多少恨,昨夜梦魂中。还似旧时游上苑,车如流水马如龙。花月正春风。
——李煜《忆江南》
那夜的梦,承载了太多憾恨。在梦中,李煜好像又回到从前在王宫上苑游乐的场景,那里车马奔驰,络绎不绝,繁花在春风中摇曳,明月在春风中映照,一片旖旎春景。
从凌驾万人之上的九五之尊沦落为任人凌辱的阶下囚,李煜经历了人生的大喜大悲,余生浸泡在悔恨中度过,难怪曹雪芹要称他为“古之伤心人”。
往日的繁华人生,烙印在记忆中。“游上苑”时车马的拥挤和游人的喧闹是最让李煜印象深刻的,那是他最春风得意的时刻,不知忧虑为何物。

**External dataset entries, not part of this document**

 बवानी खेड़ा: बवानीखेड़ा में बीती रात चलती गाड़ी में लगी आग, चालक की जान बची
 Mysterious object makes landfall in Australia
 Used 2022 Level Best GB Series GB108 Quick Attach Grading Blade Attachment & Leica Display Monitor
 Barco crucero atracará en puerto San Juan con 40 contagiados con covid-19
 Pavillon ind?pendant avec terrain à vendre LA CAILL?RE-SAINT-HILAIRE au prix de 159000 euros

可惜,“车如流水马如龙。花月正春风”也只能在梦中回味了,在如今的生活处境中,绝不可能重现。
梦境中越是繁华热闹,梦醒后就越是悲哀凄凉。出现在梦中的美好,自然是值得眷恋的,然而,梦醒后还要面对残酷的现实,这才是令李煜真正感到难堪的事情。于是,他反而怨恨起昨夜的那场梦来了。

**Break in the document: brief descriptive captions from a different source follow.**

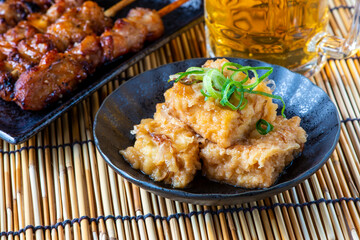 揚げだし豆腐と焼き鳥とビール　居酒屋メニュー
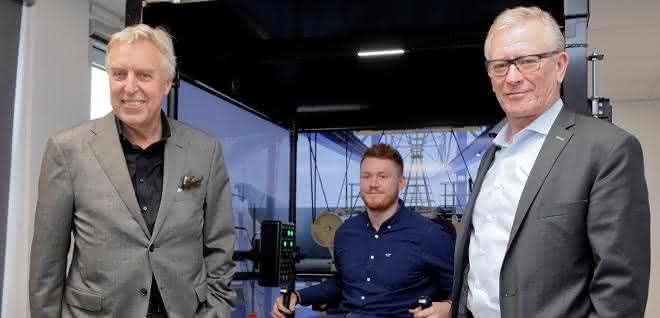 duisport: 3D-Kransimulator im Duisburger Hafen duisport: 3D-Kransimulator im Duisburger Hafen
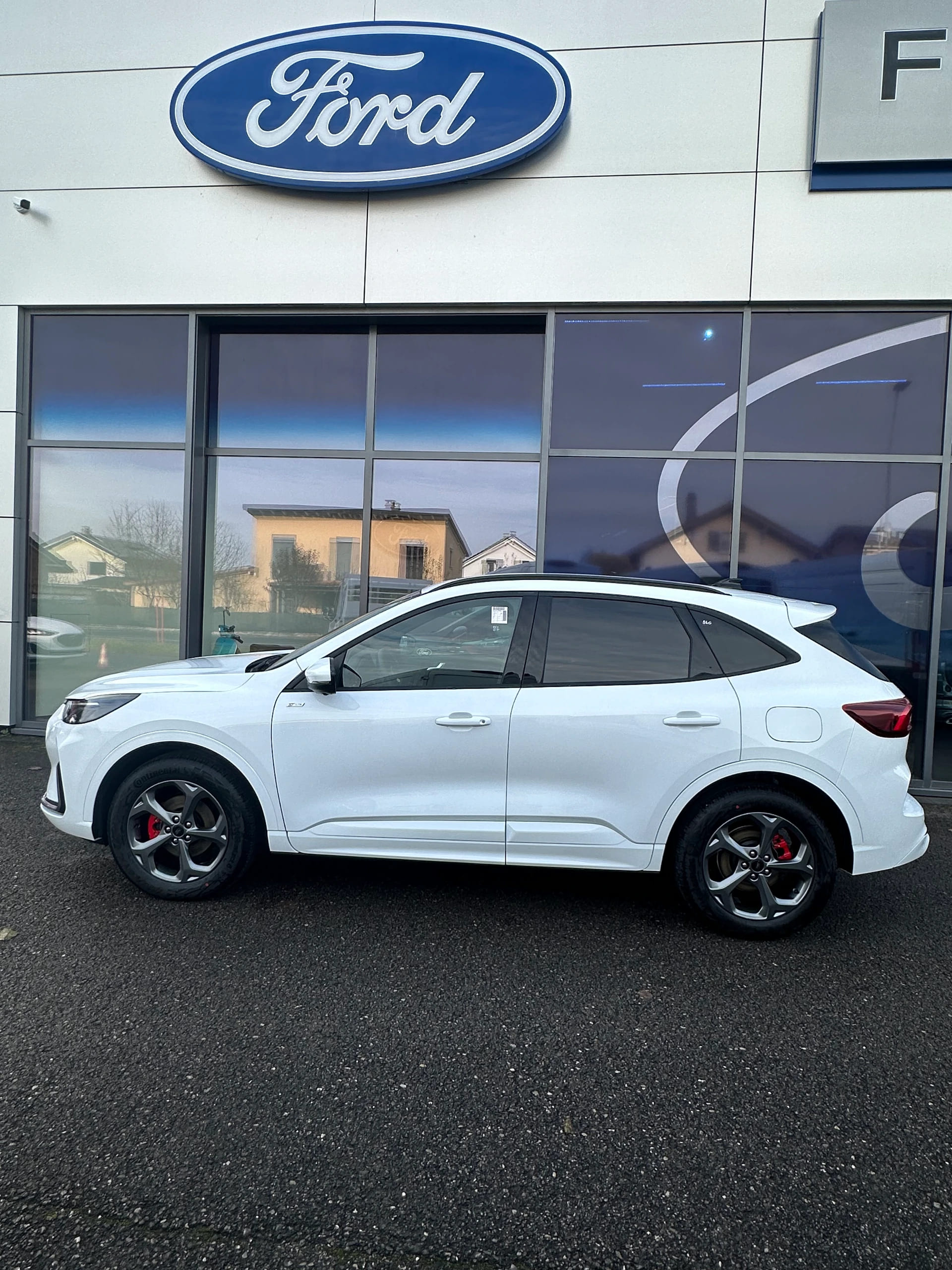 FORD Kuga 2.5 Hybrid ST-Line X 4x4 FHEV-image-2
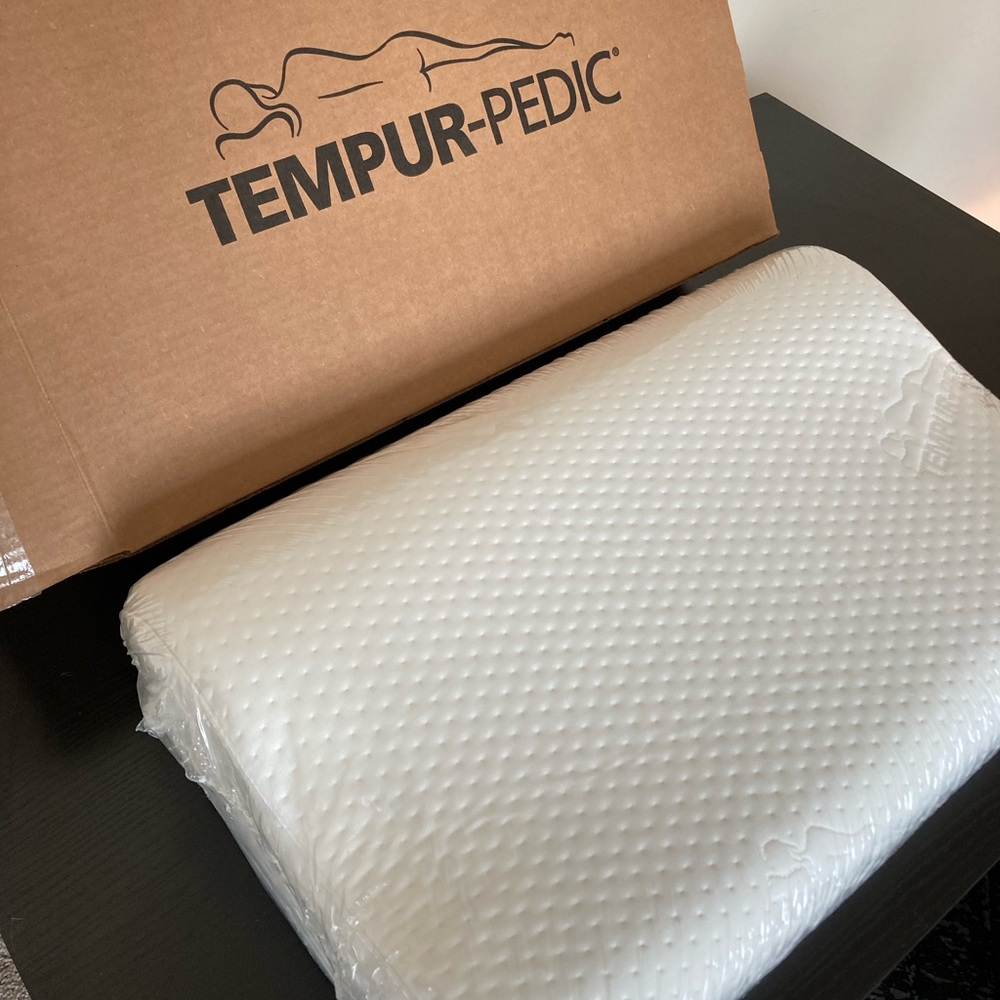 BRAND NEW TEMPURPEDIC NECK PILLOW LARGE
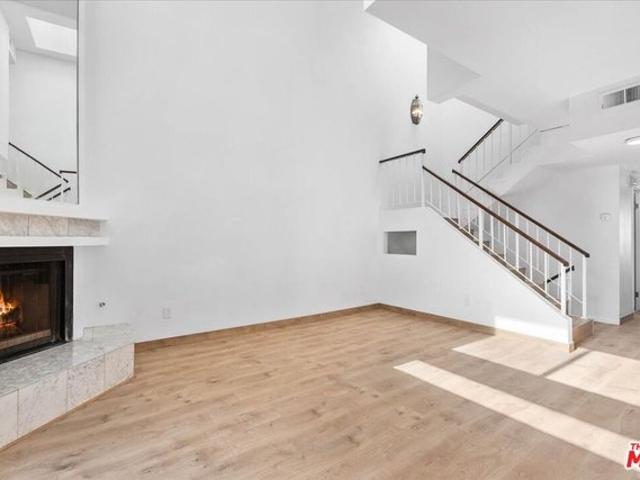 Condo for sale in Tarzana Neighborhood Council District, Canoga Park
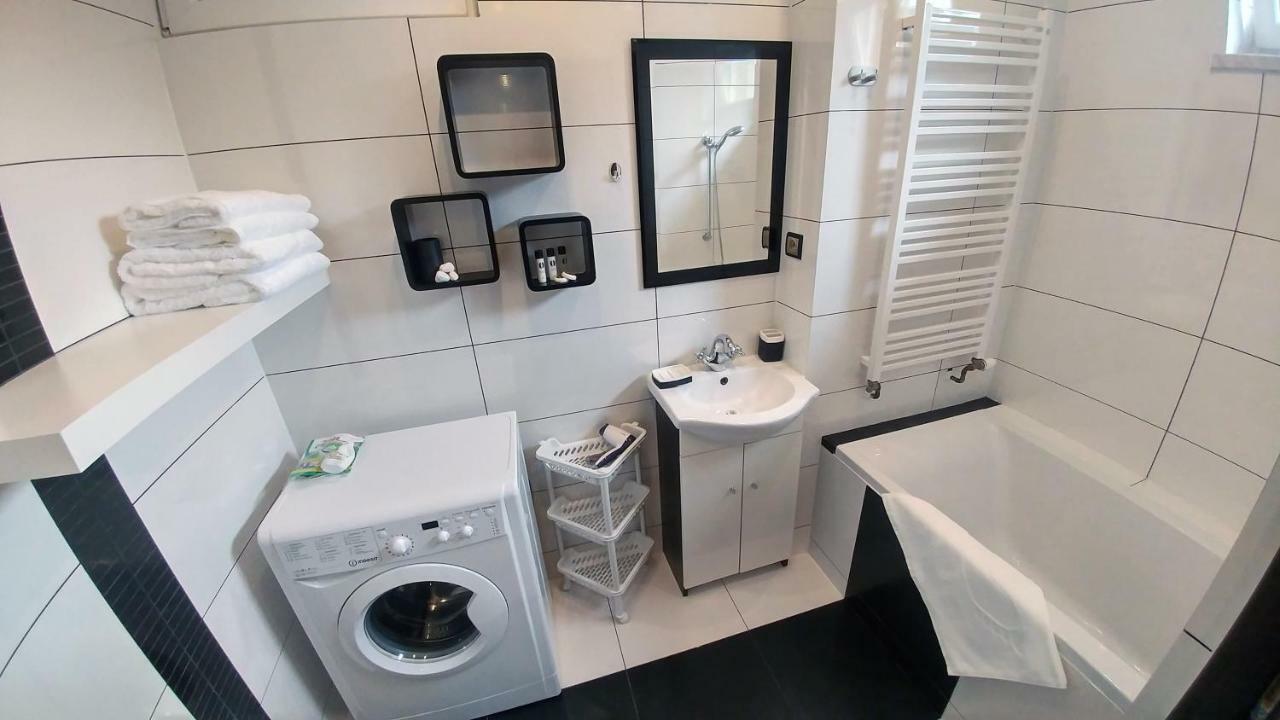 Apartamenty Korona Кросно Экстерьер фото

李煜以为,汴梁百姓对自己和小周后的围观、指指点点,已经是他生命中难以承受的屈辱。直到受降大典那一日,李煜才知道,原来真正的屈辱,是全部尊严都被残忍扒去,再被摔在地上狠狠地践踏。
那一日,李煜及其族人与朝臣全部被迫穿上白色衣帽,每个人都如同一面投降的旗帜,白得刺目,白得苍凉。受降大典比李煜想象的要庄重许多,他们在礼官的指挥下,齐刷刷跪倒在地,等待着北宋对自己的宣判。
李煜从未受过这样的屈辱,却无力反抗。他默默地听着礼官宣唱着一个又一个流程,整个大典过程中,李煜都低垂着头,下跪的双腿从酸痛,到麻胀,再到失去知觉。身为“罪人”,他连动一动让双腿恢复知觉的资格都没有。
曹彬一步一步走上台阶,将事先拟好的《昇州行营擒李煜露布》呈送给赵匡胤过目,之后再亲自宣读。在露布中,条条罗列着李煜的“罪状”,每一个字都是对李煜尊严的无情践踏,而跪在明德楼下的李煜,却不得不听。
当李煜听到那句“惟彼江南,言修臣礼,外示恭勤之貌,内怀奸诈之谋”,简直心如刀割。曾经,他对赵匡胤毕恭毕敬,从不敢忤逆赵匡胤的任何要求,就连邻国被北宋吞并,李煜还要主动送上贺礼,到最后,却落得个“内怀奸诈之谋”的恶名,他此刻多想问一句:“天理何在?”
可是再听下去,李煜又为自己感到惭愧。一句“负君亲之鞠育,信左右之奸邪”,不算冤枉了李煜。若他能早些亲贤臣、远奸佞,或许南唐还有一线生机。正是他的忠奸不分,导致祖宗基业毁在了他的手上。
露布宣读完毕,受降大典却尚未礼成。按照惯例,露布宣读之后要通报四方,然而赵匡胤却对李煜网开一面,特意下旨,不将这封露布公布出去。
无论露布上罗列了李煜多少条罪状,李煜对北宋的毕恭毕敬,赵匡胤心中有数。对于李煜,赵匡胤总是恨不起来的,反而有许多同情。赵匡胤知道,凭借李煜的个性,是掀不起任何风浪的,既然他余生都要以降王的身份在汴梁度过,不如给他留一些面子。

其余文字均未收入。